Task statement: In the entries below, find the line with "牧旅茶品：呷飽祙【台北松山･牧旅茶品】食材用心的新開餐茶館" and the line with "Vista 7 de Beatus"; reproduce those two lines and all lines between them exactly, without pictures.

Source data:
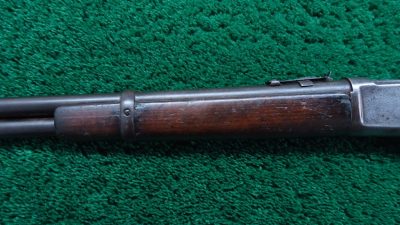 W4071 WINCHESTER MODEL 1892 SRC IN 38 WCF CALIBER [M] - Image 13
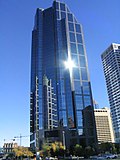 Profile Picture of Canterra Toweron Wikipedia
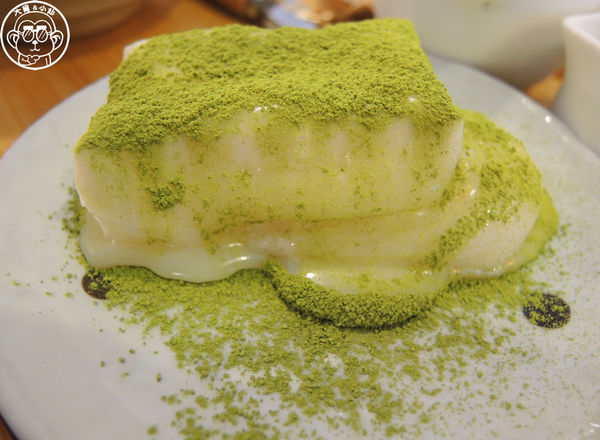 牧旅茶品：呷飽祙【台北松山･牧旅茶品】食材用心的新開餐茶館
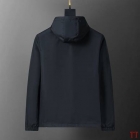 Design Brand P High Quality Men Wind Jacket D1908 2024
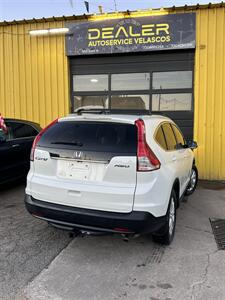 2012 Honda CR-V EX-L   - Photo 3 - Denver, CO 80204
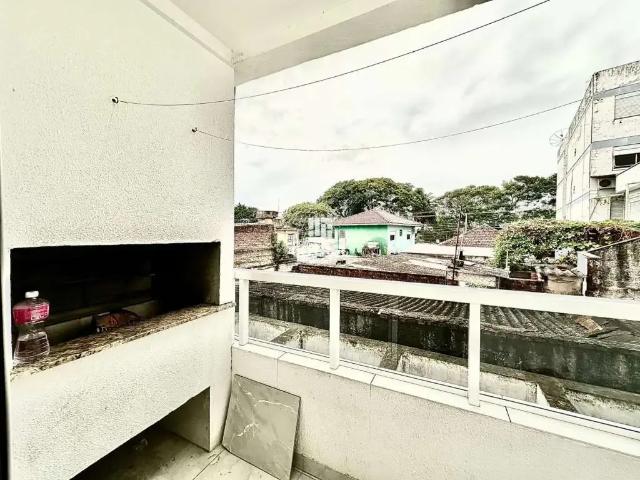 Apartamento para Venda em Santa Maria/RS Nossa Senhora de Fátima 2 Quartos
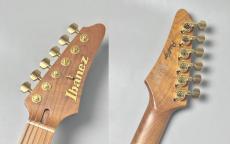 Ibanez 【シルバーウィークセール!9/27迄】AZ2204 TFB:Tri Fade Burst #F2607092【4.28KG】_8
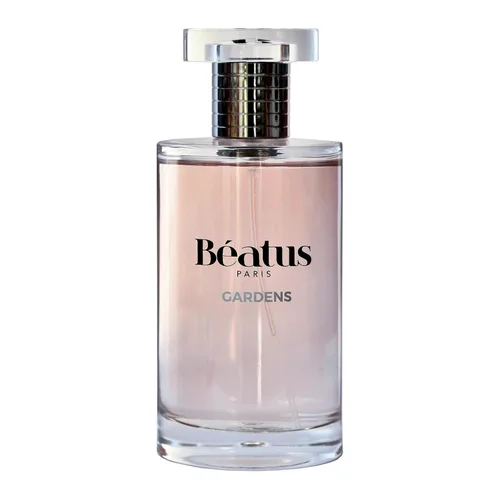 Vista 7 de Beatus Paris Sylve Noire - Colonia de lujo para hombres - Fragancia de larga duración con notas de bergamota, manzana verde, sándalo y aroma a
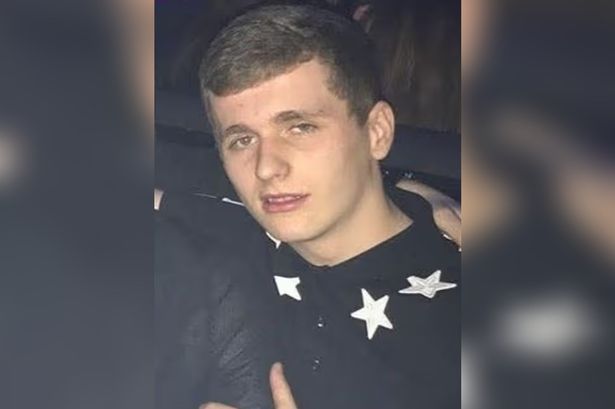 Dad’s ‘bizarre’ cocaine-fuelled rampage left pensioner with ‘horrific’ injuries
--
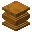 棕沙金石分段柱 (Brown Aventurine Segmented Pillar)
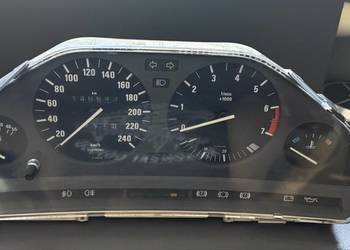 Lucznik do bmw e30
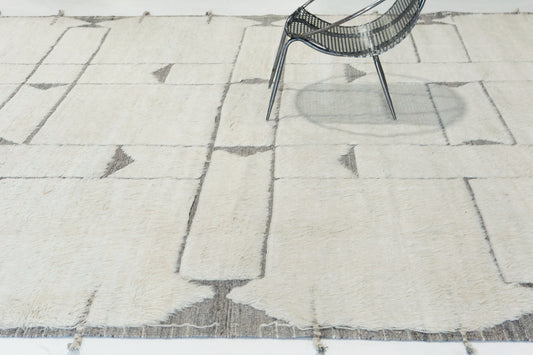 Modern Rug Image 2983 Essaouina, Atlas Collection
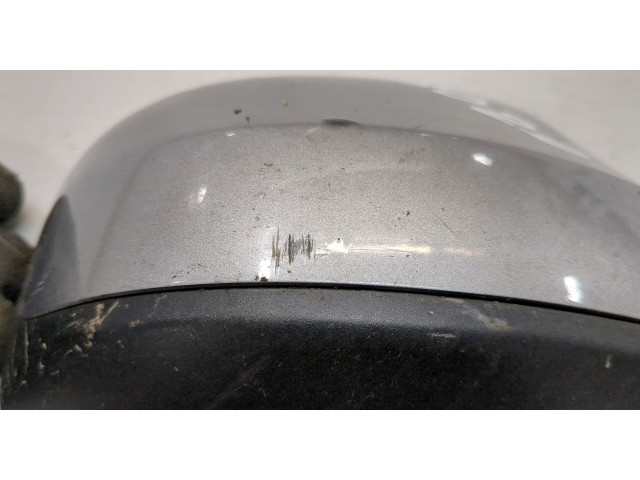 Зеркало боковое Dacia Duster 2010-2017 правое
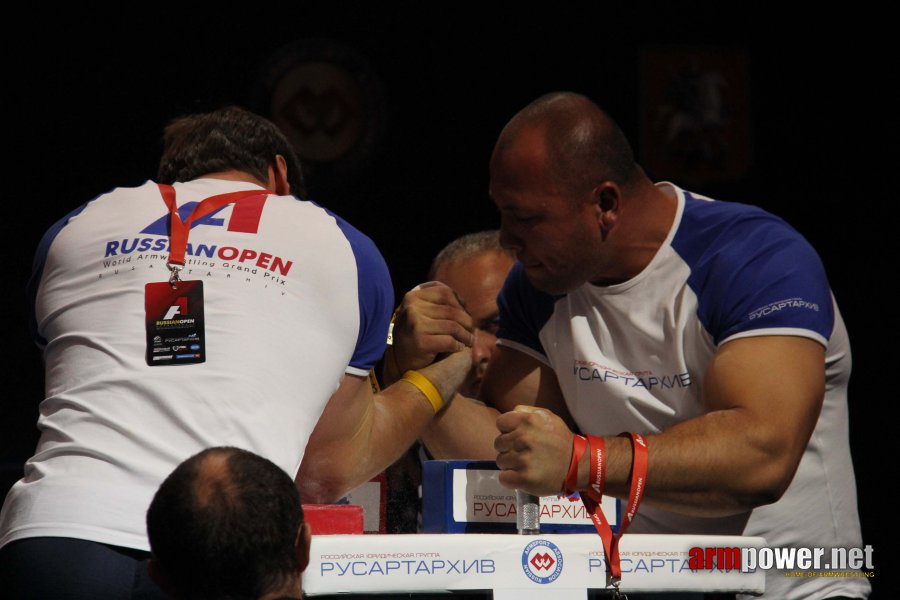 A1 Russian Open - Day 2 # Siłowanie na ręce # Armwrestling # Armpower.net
...
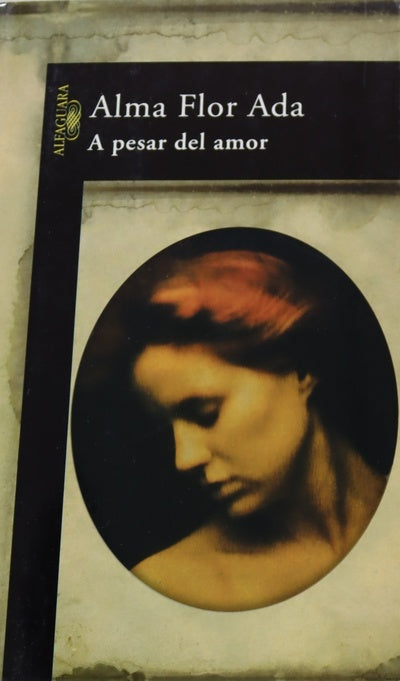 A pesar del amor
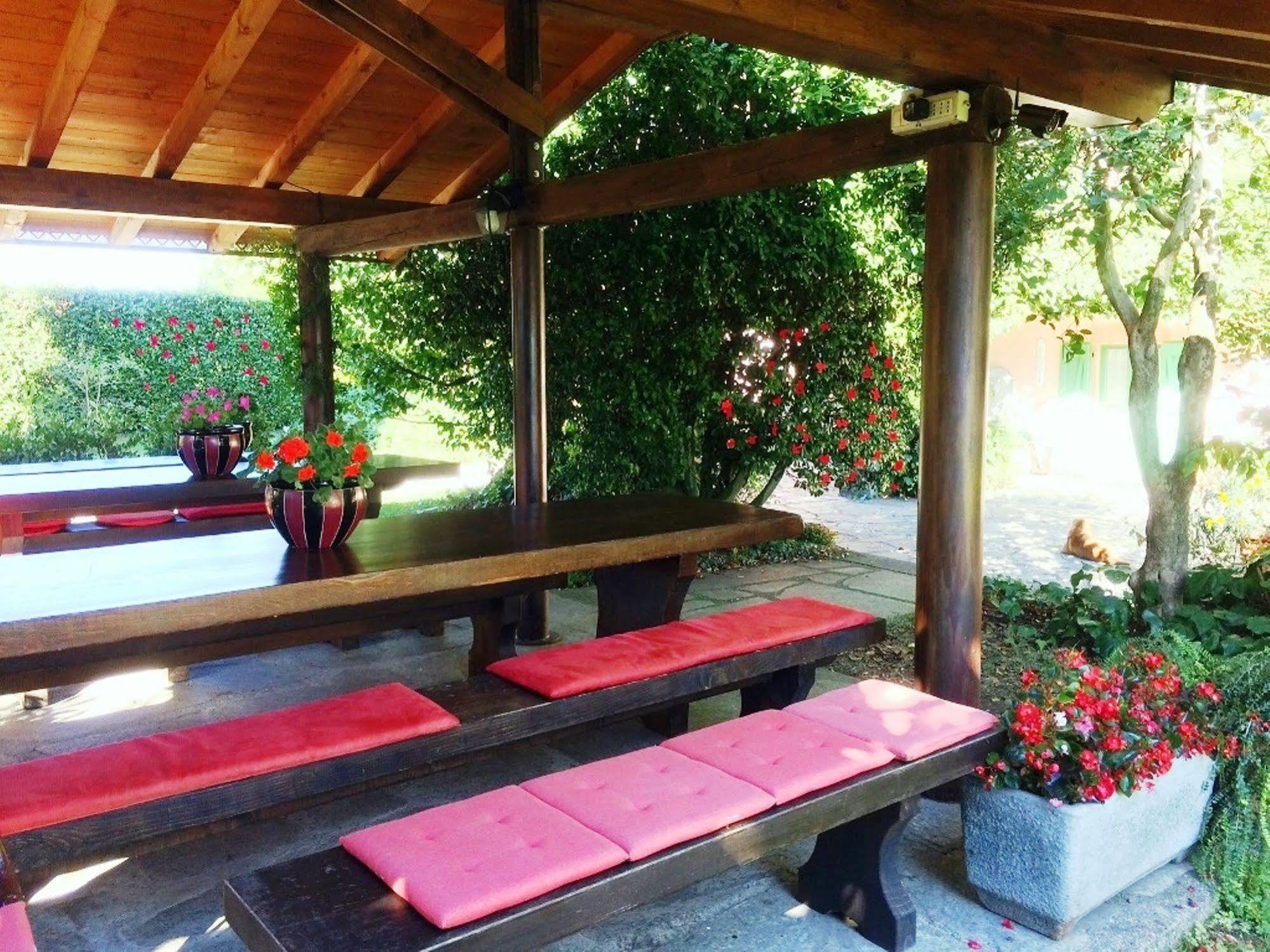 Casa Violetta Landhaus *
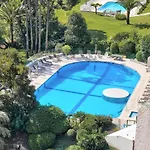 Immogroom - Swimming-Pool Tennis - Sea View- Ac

Solved exercise:
 牧旅茶品：呷飽祙【台北松山･牧旅茶品】食材用心的新開餐茶館
 Design Brand P High Quality Men Wind Jacket D1908 2024
 2012 Honda CR-V EX-L   - Photo 3 - Denver, CO 80204
 Apartamento para Venda em Santa Maria/RS Nossa Senhora de Fátima 2 Quartos
 Ibanez 【シルバーウィークセール!9/27迄】AZ2204 TFB:Tri Fade Burst #F2607092【4.28KG】_8
 Vista 7 de Beatus Paris Sylve Noire - Colonia de lujo para hombres - Fragancia de larga duración con notas de bergamota, manzana verde, sándalo y aroma a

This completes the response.